At its best, Octopath Traveler reminds me of my favorite 16-bit role-playing games. Strategic turn-based combat tests your skills, a job system gives you the freedom to tinker and optimize, and a fantastic retro aesthetic brings the world and creatures to life. However, Octopath Traveler isn’t always at its best. Over the course of its 60-plus hours, the adventure has wild variations in pacing and narrative, and has trouble settling into a groove. The result is a series of tantalizing highs and brutal lows, with the highs ultimately winning out.
Octopath Traveler’s problems take a long time to surface. The early hours are amazing, with the dreamlike presentation and 2D/3D hybrid visuals drawing you in. After choosing one of eight characters as your hero, you visit other towns to recruit the seven others. In every case, you play through a vignette (which lasts about an hour) that introduces the hero and their quest – a thief needs to steal jewels to salvage his pride, while a cleric embarks on a religious pilgrimage. This structure is unconventional and intriguing at first, but it doesn’t stay that way for long.
In subsequent chapters, the narrative squanders its potential through dull repetition. Each character has four chapters (32 in total), and almost all of those follow the exact same formula: Arrive in town, watch a scene, use a character-specific ability to accomplish a minor task like stealing a letter, then go into a short dungeon and fight a boss. I was often interested in the stories being told on a conceptual level (especially Primrose’s quest for revenge), but the predictable format and writing saps them of their surprises. Every character is exactly who they appear to be, and every betrayal and plot twist is immediately apparent. That doesn’t necessarily make them bad stories, but it makes them feel unremarkable.

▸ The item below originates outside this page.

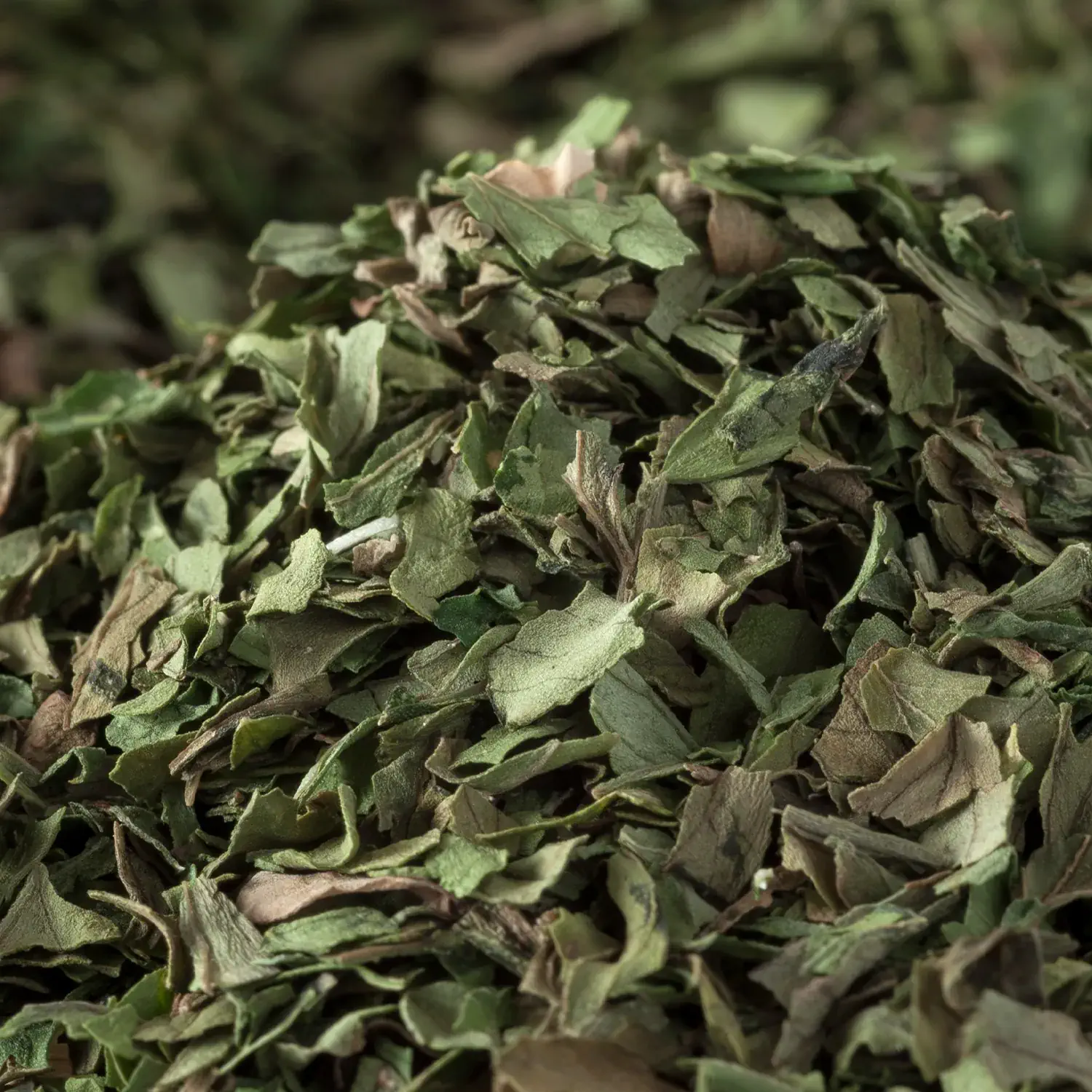 Nahaufnahme von gerebeltem Liebstöckel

The eight main heroes rarely interact or acknowledge each other, and their tales never converge to unite the group in any common purpose. This approach does a good job putting specific characters in the spotlight with vignettes tailored to their personalities and strengths, but results in a disappointing lack of comradery or cooperation among party members. They’re just strangers who fight together sometimes.
Combat is Octopath Traveler’s great redeeming force. The battles are fun and tactical, focused on coordinating your attacks to break an enemy’s defense to create the opening for an onslaught. This means carefully planning your attacks using the action queue, exploiting weaknesses, and reserving boost points for critical moments. I like how each character has access to a unique suite of abilities, like how H’aanit the hunter tames animals, or how Alfyn the apothecary mixes concoctions. This largely avoids redundant skills and ensures every character has an interesting role to occupy. Your foes don’t pull punches, so fights provide a satisfying challenge. This is especially true of the boss fights, which often inject twists like disabling the attack command or draining your max HP every turn to apply pressure, forcing you to develop new strategies. In addition, these adversaries look uniformly fantastic; even a regular human boss becomes a stylish and imposing pixel-art masterpiece.
Behind the scenes, a compelling job system gives your characters the flexibility they need to succeed. Once you unlock them, you can assign and swap secondary jobs as needed. This provides your party access to additional weapons, helps them shore up stat weaknesses, and allows them to learn new passive skills they can equip regardless of their current job, like breaking the 9,999 damage limit or decreasing enemy-encounter rate. I loved experimenting with these possibilities (and hunting for the advanced secondary jobs), and the need to rotate party members prevents you from getting entrenched with a single configuration.
As much as I enjoyed the battle system, it doesn’t always feel fresh. After you finish one set of vignettes, your party probably won’t be strong enough to access the new content. The only solution is to spend hours fighting the same monsters until you have enough experience to survive the next story chapters. This concept is an ancient relic of RPG design, and many fans have made peace with it, but that doesn’t make it fun. The grinding bloats Octopath Traveler and wastes your time, but once you’re past it, the frustration quickly abates as you renew your focus on what the game does well.
Octopath Traveler almost feels like a game from an alternate timeline – one in which titles like Chrono Trigger and Final Fantasy VI gave rise to a continuing lineage of RPGs that never strayed far from their 16-bit roots. Yes, Octopath Traveler occasionally adheres too closely to antiquated ideas, but with its retro charm and inventive combat, it also takes exciting leaps you won’t see anywhere else.